> [Data for processing]
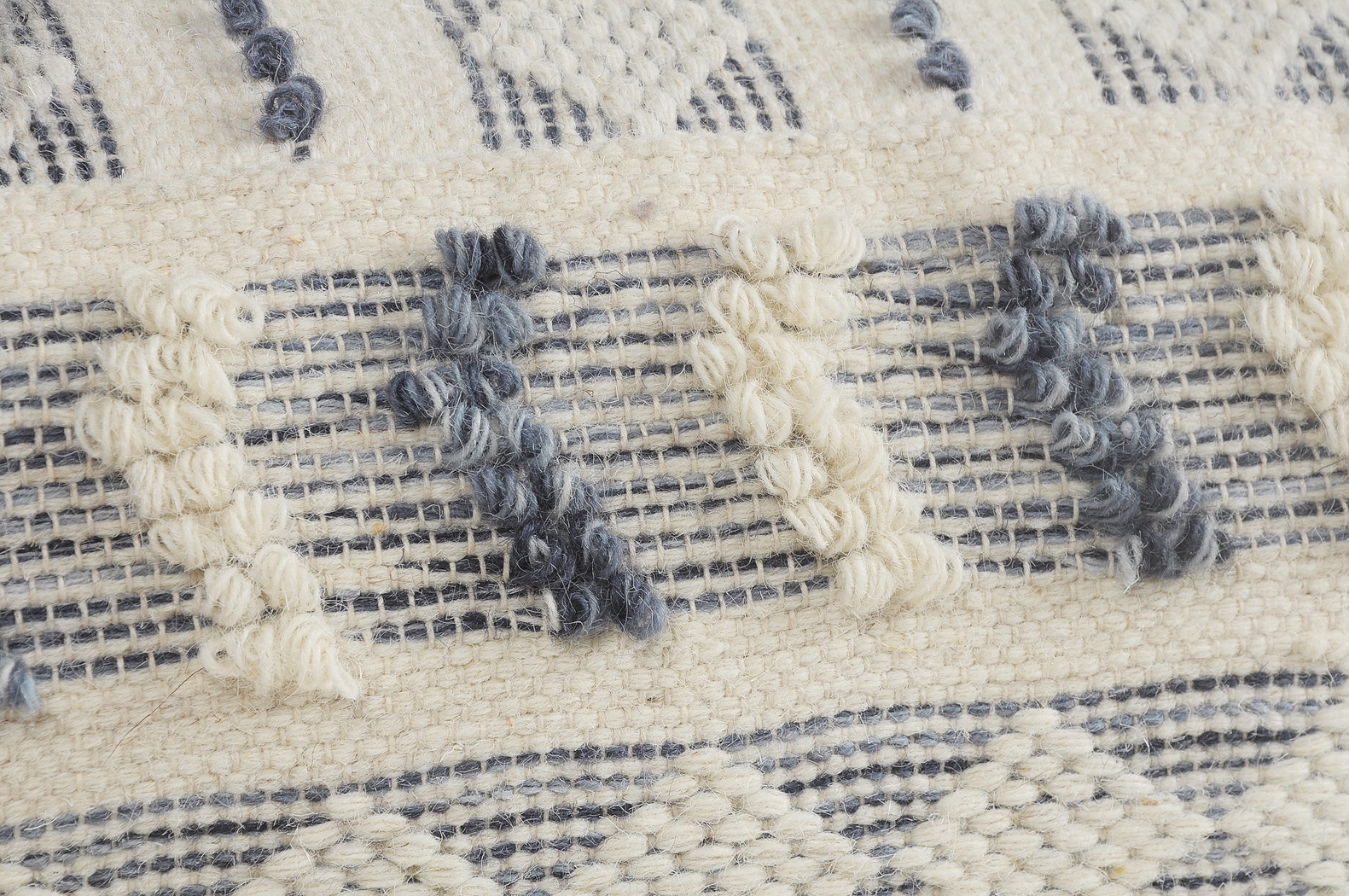 Ceinsa Blue/Ivory Pouf - Thumbnail - Image 5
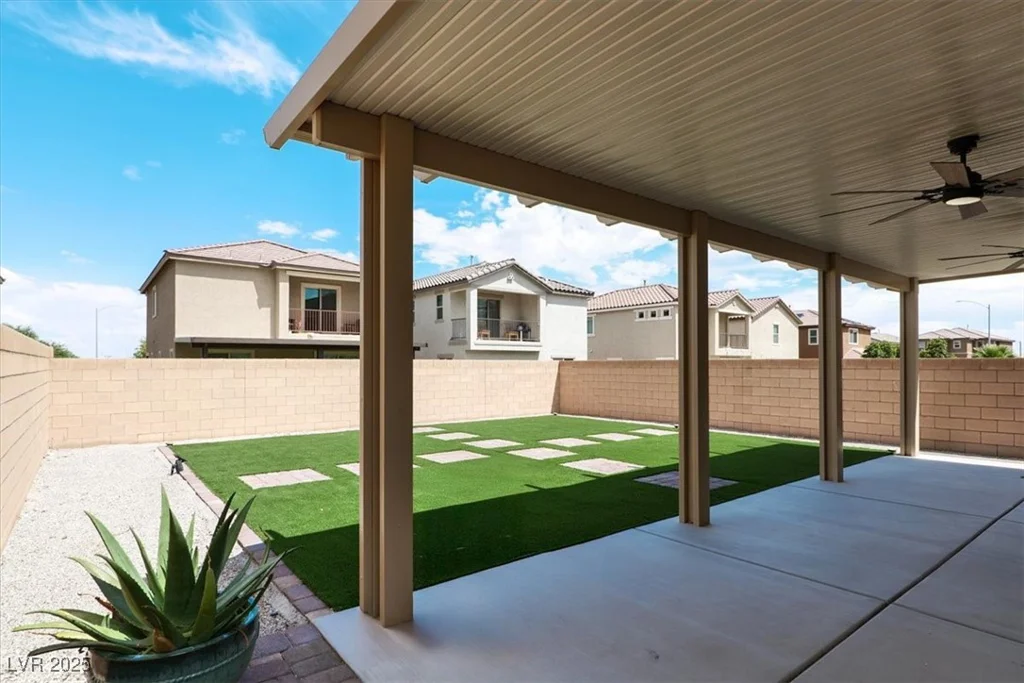 5656 Salt Rock, North Las Vegas, NV 89031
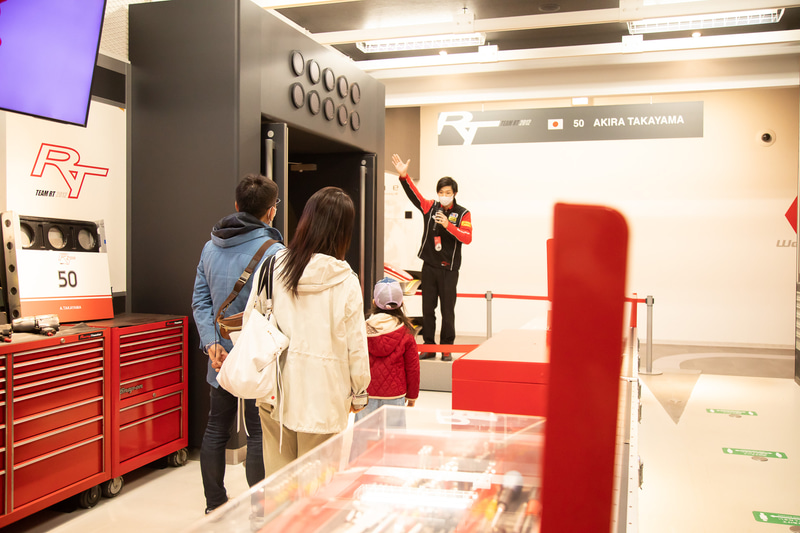 エントランスホールや開始を待つためのウェイティングガレージ。気持ちが少しずつ高まるのが分かる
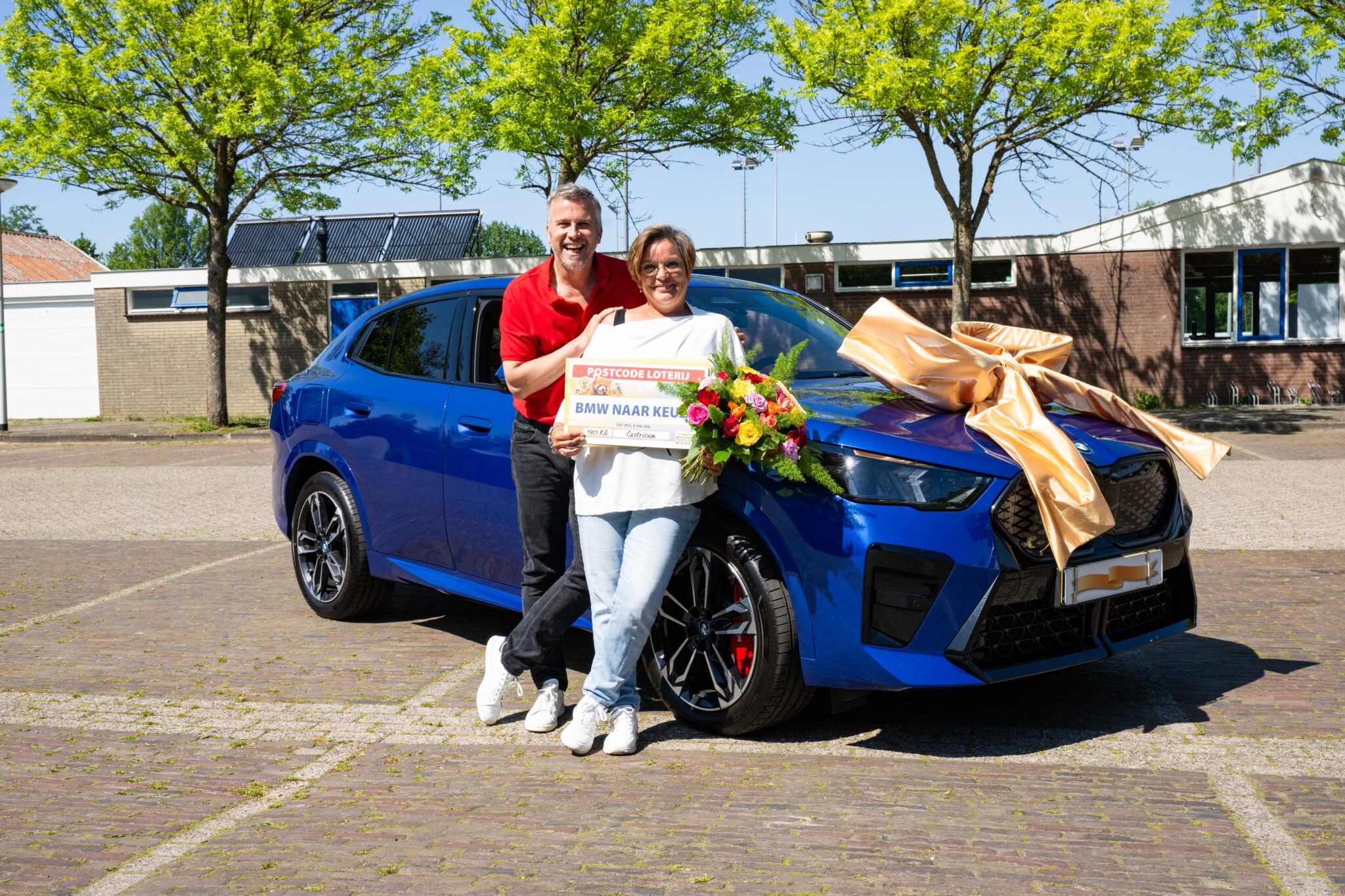 Ruth wint BMW naar keuze als premium prijs Postcode Loterij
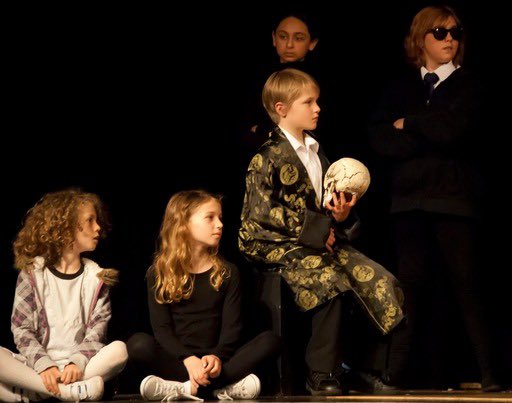ACTKidsTheatre's tweet photo. 🎭 Summer School’s for budding young Actors 🎭 

Minis &amp; Juniors (6-13yrs)
24th July - 28th July
31st July - 4th August
£200 

https://t.co/EQBBFcIfqS

#Movement #Voice #ActingTechnique #Devising #Improvising #WorkingwithText #Brighton https://t.co/vWj0LUA5Rj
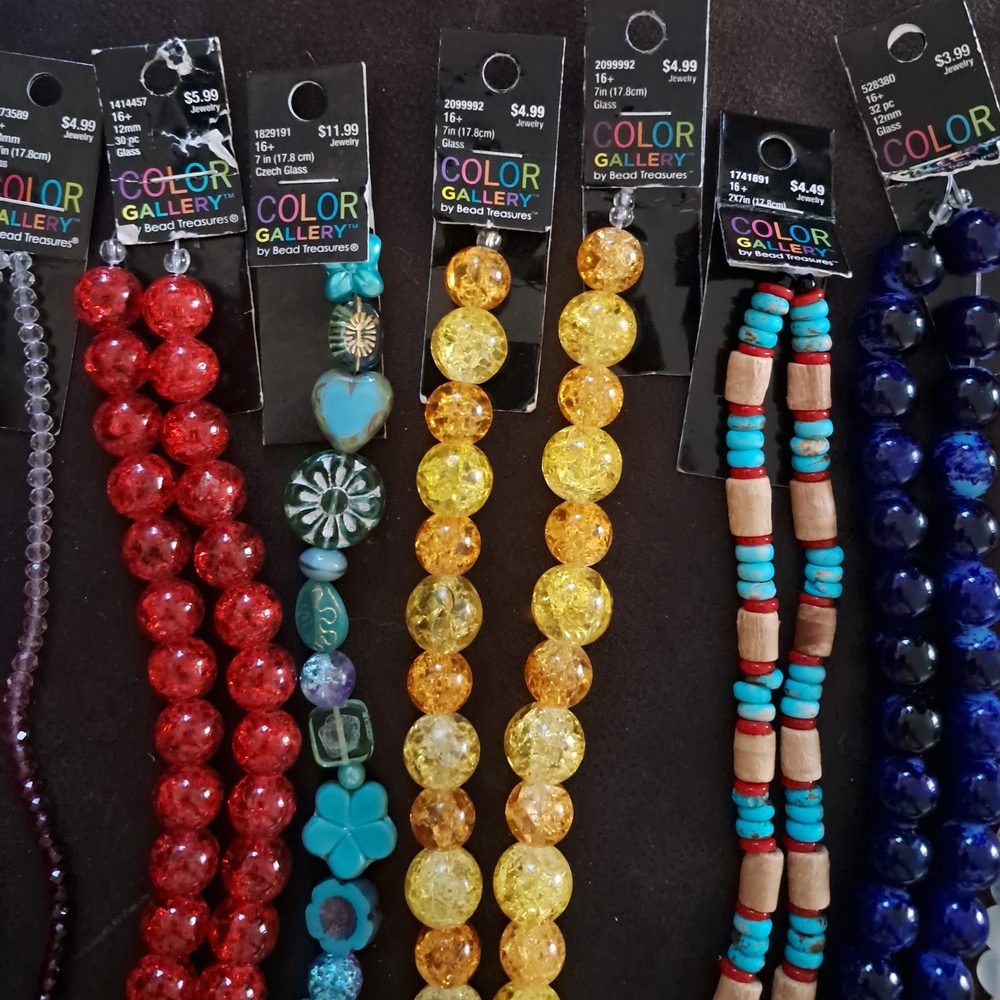 Gallery Red and Yellow Jewelry Beads Set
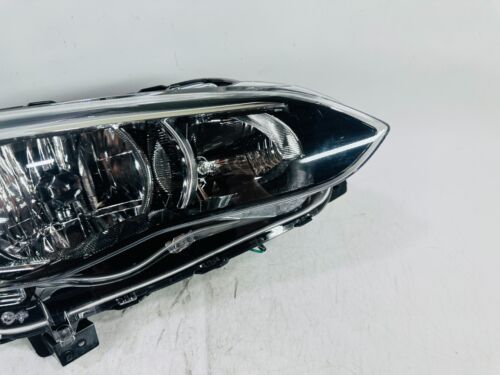 2018 2019 2020 2021 2022 Subaru XV Crosstrek Right Halogen Headlight OEM - Picture 3 of 8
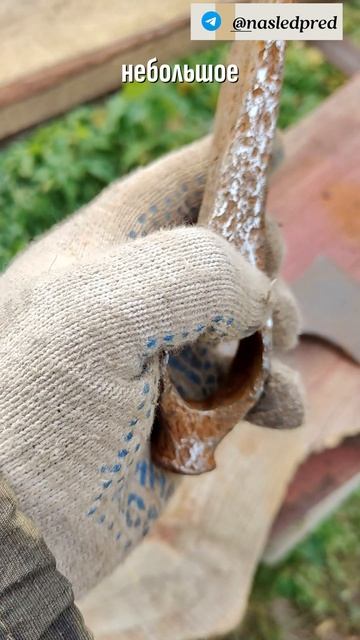 Кованый боевой топор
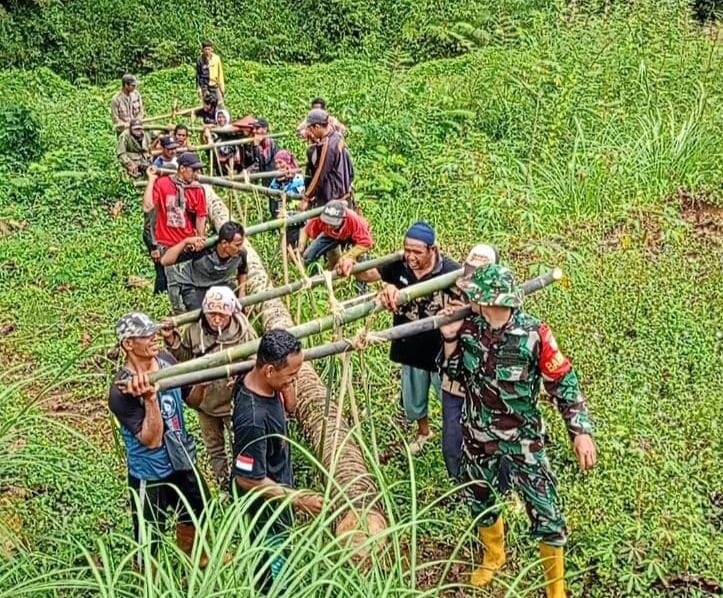 Babinsa Koramil 2209/Lengkong Bersama Warga Gotong Royong Bangun Jembatan Sementara 2
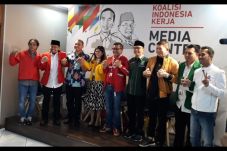 Kubu Jokowi: Nomor 1...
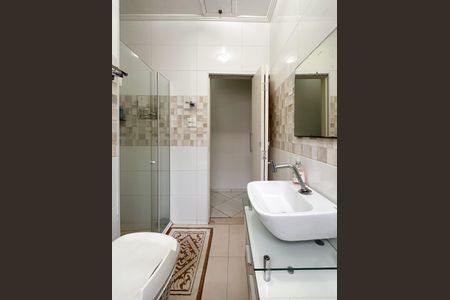 Casa à venda com 183m², 3 quartos e 2 vagasBanheiro Social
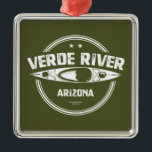 Ornamento De Metal Arizona do rio Verde Kayaking<br><div class="desc">O Rio Verde Selvagem e Cênico atravessa as zonas de natureza selvagem de Mazatzal e Cedar Bench a sul de Camp Verde,  Arizona,  e é um polo de remar e recreativo.</div>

> [Task goal] Pictures should not appear in the copy. Write out exactly the lines above from the first one through the line that contains "ACTKidsTheatre's tweet photo.".

> [Finished task]
 Ceinsa Blue/Ivory Pouf - Thumbnail - Image 5
 5656 Salt Rock, North Las Vegas, NV 89031
 エントランスホールや開始を待つためのウェイティングガレージ。気持ちが少しずつ高まるのが分かる
 Ruth wint BMW naar keuze als premium prijs Postcode Loterij
ACTKidsTheatre's tweet photo. 🎭 Summer School’s for budding young Actors 🎭 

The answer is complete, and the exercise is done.